Tagara tak menampik hal itu didalam hatinya, tapi seperti yang tadi dia tekadkan jika dia tak mau mengatakan itu secara terus-terang pada Jordan saat ini juga. Tagara menahan diri untuk mengungkapkan kecurigaannya pada sahabat Andres tersebut.
"Tidak. Kenapa kau berpikiran begitu?' Tagara balik bertanya.
"Ah, syukurlah. Aku pikir kau mencurigaiku."
"Memangnya kalau aku mencurigaimu, kau mau apa?" tanya Tagara lagi.

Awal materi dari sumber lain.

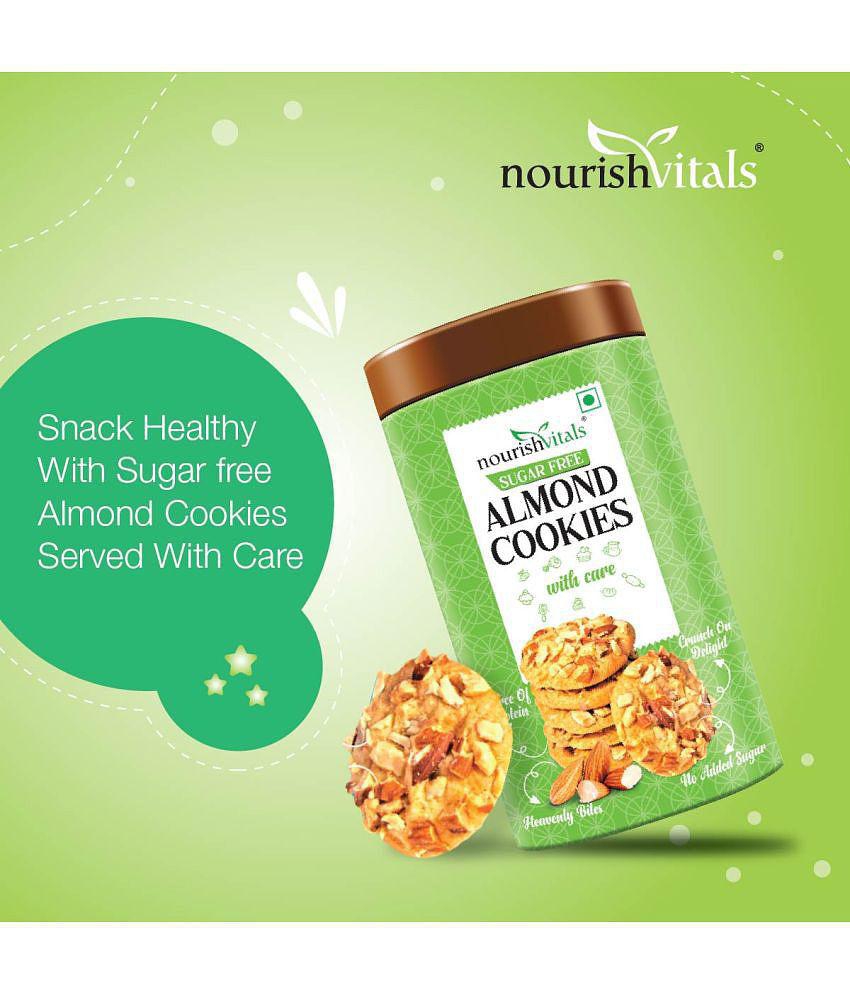 NourishVitals Sugar Free Almond Cookies, No Added Sugar, Heavenly Bites, Source of Protein, Crunchy Delights, Genius Snack, 120g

Jordan menatap Tagara lamat-lamat. "Kau harus percaya padaku, Andres. Aku tidak terlibat apapun yang menyangkut soal kecelakaanmu," katanya.
"Ya sudah," jawab Tagara santai. Dia menggeleng samar akan ujaran Jordan yang seakan meyakinkannya. Apa dia harus percaya hanya dari sebuah omongan jika gelagat Jordan saja terlihat mencurigakan?

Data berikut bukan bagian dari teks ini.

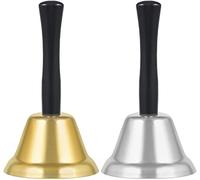 SAVITA 2 pièces Cloches à Main en Métal, Cloche d'appel Claire et Forte, Sonnettes d'alarme à Poignée en Bois pour événements de Mariage, Dîner, école, Hôtel, Service aux Patients âgés (5 x 9 cm)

Dipertengahan jalan, Tagara dikejutkan oleh sepeda motor yang tiba-tiba memepet mobil mereka.
"Hei, siapa mereka?" Tagara menanyakan hal itu pada Jordan yang tampak kalut.

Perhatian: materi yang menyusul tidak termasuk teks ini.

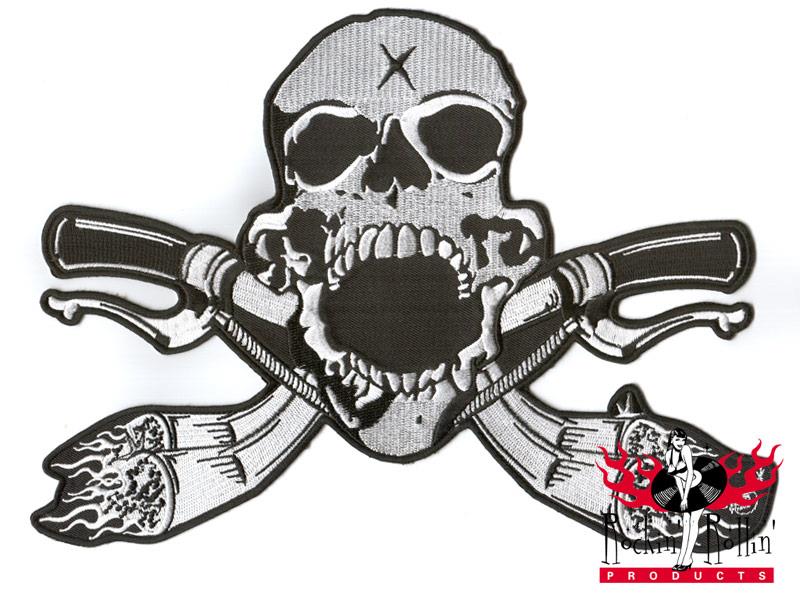Virus Style Rückenaufnäher - Biker Skull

"Aku tidak tau." Jordan menyahut sekenanya, sebab perhatiannya juga harus terbagi pada jalanan dimana dia mengemudikan mobilnya sendirian diantara para pemotor yang sepertinya sengaja untuk menghadang kepergian mereka.
"Sial. Siapa mereka!" Jordan menepikan mobilnya, membuat Tagara bertanya-tanya.
"Hei, kenapa malah menepi? Harusnya kau tetap mengemudi dan lari dari kejaran mereka!" protes Tagara atas tindakan Jordan.
"Apa kau tak lihat mereka terus memaksa untuk berhenti. Mereka terus menggedor kaca jendela mobil. Aku tidak bisa fokus mengemudi jika mereka terus menghalangi pandanganku!" jawab Jordan keras.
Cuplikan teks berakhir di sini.